Biten ilişkiler de böyledir. Bitince, içinizde de bitince, ilişkinin yarattığı boğumlar boğazınızı terk edince, gözünüze daha başka görünür her şey. Daha gerçek, daha net ve daha renkli. İlişki sırasında edinilen arkadaşların gerçek mesafeleri, ilişkinin aranızı bulanıklaştırdığı eski dostlar, gözlerinin içine bakmaya başladığınızda yanıtlayan hanımlar aslında hep oradalarken, sizin yağmur öncesi astigmatınız nedeniyle farkında olamamanız, hayret; aslında tembelliği, asosyalliği, özgürlüğü, şişmanlatan şeyler yiyip, düzensiz yaşamınız nedeniyle kilo almamayı ne kadar çok özlediğinizi anlamanız, keyif; zaten aslında yağmur sonrası, eski partnerinizin de ona yakıştırdığınız özelliklere sahip olmadığını, vehimlerin sizi nasıl kör ettiğini fark etmeniz, heyecan verir size.

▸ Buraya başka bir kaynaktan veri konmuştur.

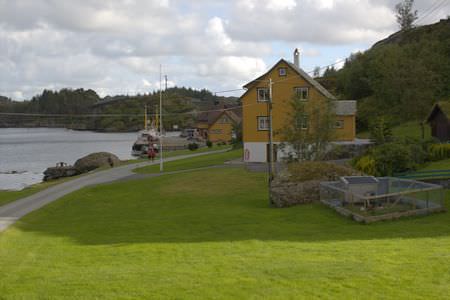 Steinsund Haus 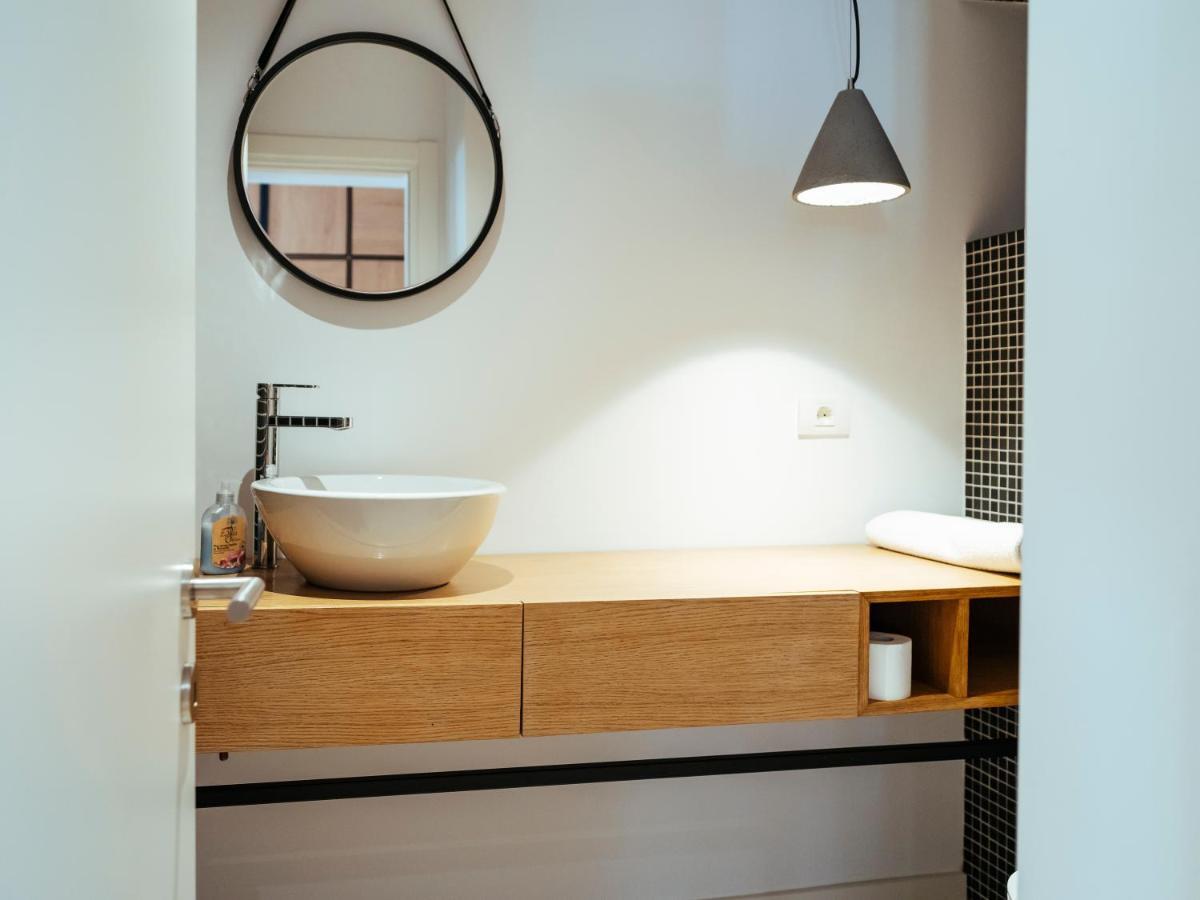 Central Modern Design Apartment Бухарест Екстер'єр фото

Özgürlük, bir süre sonra, gözlerinizi fırsatçı birer projektöre dönüştürür. Yeni maceralara doğru atını süren çizgi roman kahramanı gibi, siz de farklı iklimlere çevirirsiniz yönünüzü. Doludizgin.

(Korkut Keskiner)

Bu yazıyı bana Arslan biraderim Abdullah Uyaroğlu yıllar önce, henüz sosyal medya yokken, e-mail yoluyla iletmişti. Ben ordaki  “Yağmur durunca, sanki yağmurdan önce orada bulunmayan renkler ortaya çıkıp, eşyanın köşeleri keskinleşir. Daha kenarlı, daha geometrik, daha üç boyutlu, daha derin perspektifli bir görüş kazanırız.” Cümlesinde kaldım.

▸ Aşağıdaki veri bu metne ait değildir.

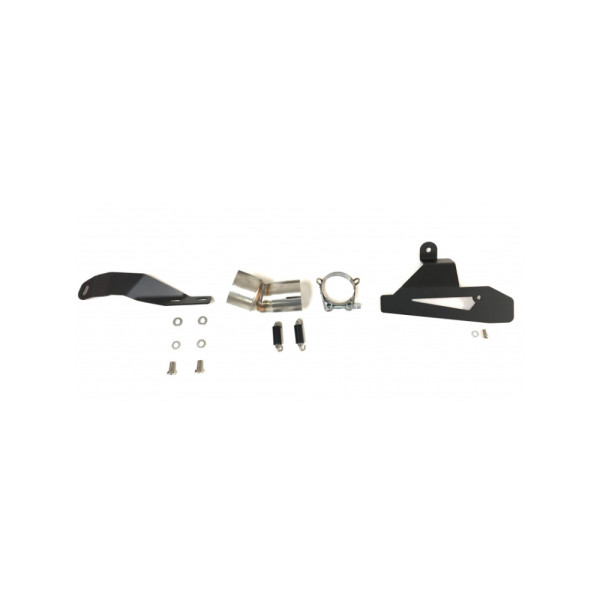 Глушник мотоцикловий IXIL RB Race Xtrem Suzuki GSX-S 950/ GSX-S 1000/ GT/ Katana 1000 (21-)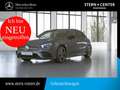 Mercedes-Benz A 220 d 4M Kompaktlimo AMG+DIST+MEMORY+AHK+PANO+ Grau - thumbnail 1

Her yağmur sonrası bu cümlede buluyorum kendimi. Geçtiği miz hafta birkaç gün süren yağmur sonrası sadece 20 dakika kaldığım Boğaçayı köprüsünde yine “yağmur sonrası netlik” modundaydım.

Haaa… Sen öteki netlikten bahsediyorsun. Ben o konuda muhafazakarım. 25 yıldır aynı kadınla evliyim. Hayatıma girip çıkan dostlar var tabii. Geliyor, uyarsa kalıyor, uymazsa kendiliğinden gidiyor. Ben göndermiyorum. Yani orda durum daha net.